[Opening Extracted data section]
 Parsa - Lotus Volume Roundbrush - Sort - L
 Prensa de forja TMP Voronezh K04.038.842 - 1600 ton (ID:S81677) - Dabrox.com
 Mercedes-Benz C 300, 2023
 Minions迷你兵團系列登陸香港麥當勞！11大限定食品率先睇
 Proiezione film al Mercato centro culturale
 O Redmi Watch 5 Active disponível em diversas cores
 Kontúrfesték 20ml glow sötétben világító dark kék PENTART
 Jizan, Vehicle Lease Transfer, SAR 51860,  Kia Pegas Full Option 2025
[Closing Extracted data section]
[Opening Extracted data section]
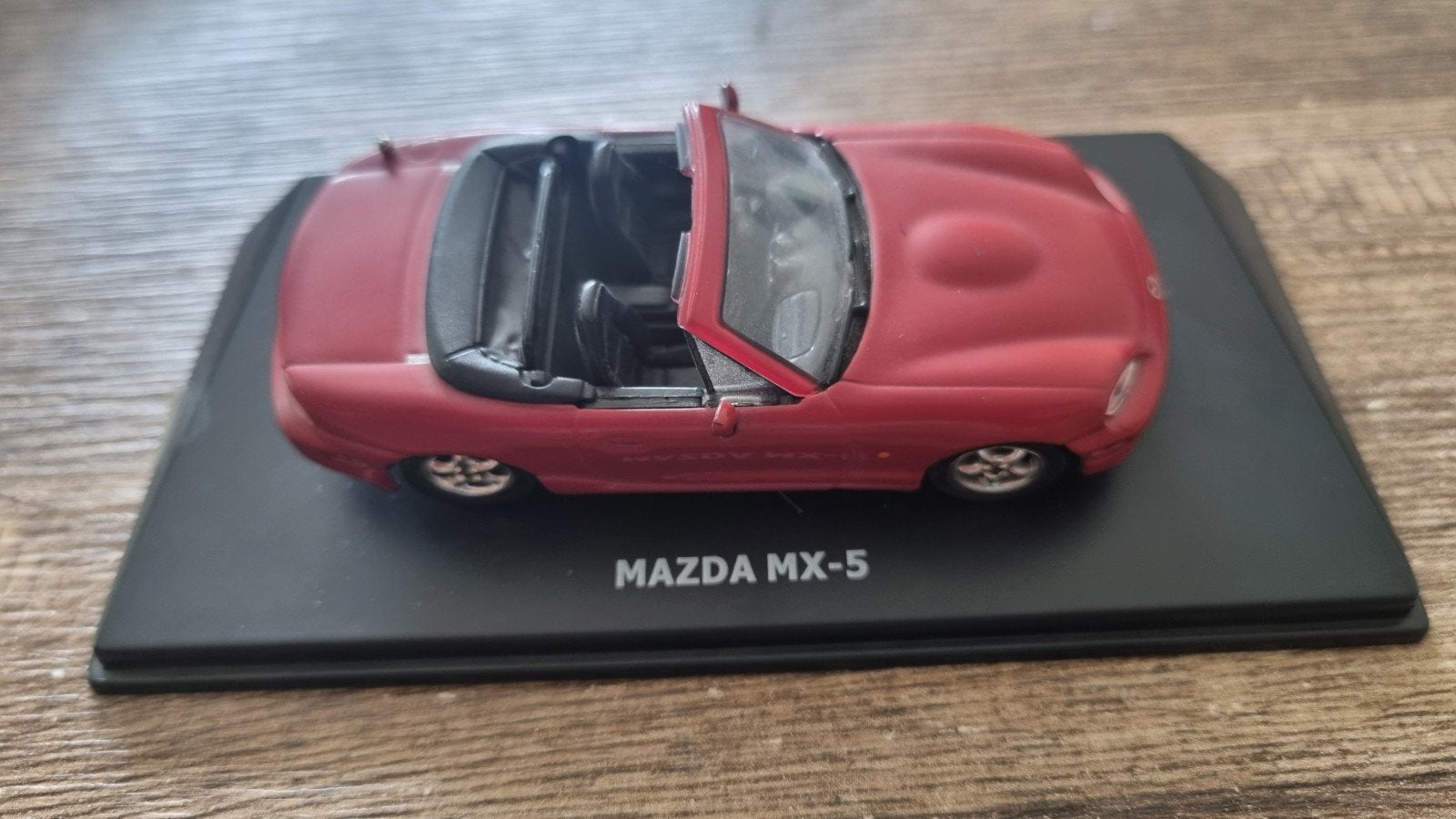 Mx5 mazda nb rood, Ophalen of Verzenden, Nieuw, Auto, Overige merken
[Closing Extracted data section]
→ **Task directions**: Where the line holding "Minions迷你兵團系列登陸香港麥當勞！11大限定食品率先睇" appears in the listing above, start reproducing exactly, and end with the line holding "Jizan, Vehicle Lease".

→ **Solved exercise**:
 Minions迷你兵團系列登陸香港麥當勞！11大限定食品率先睇
 Proiezione film al Mercato centro culturale
 O Redmi Watch 5 Active disponível em diversas cores
 Kontúrfesték 20ml glow sötétben világító dark kék PENTART
 Jizan, Vehicle Lease Transfer, SAR 51860,  Kia Pegas Full Option 2025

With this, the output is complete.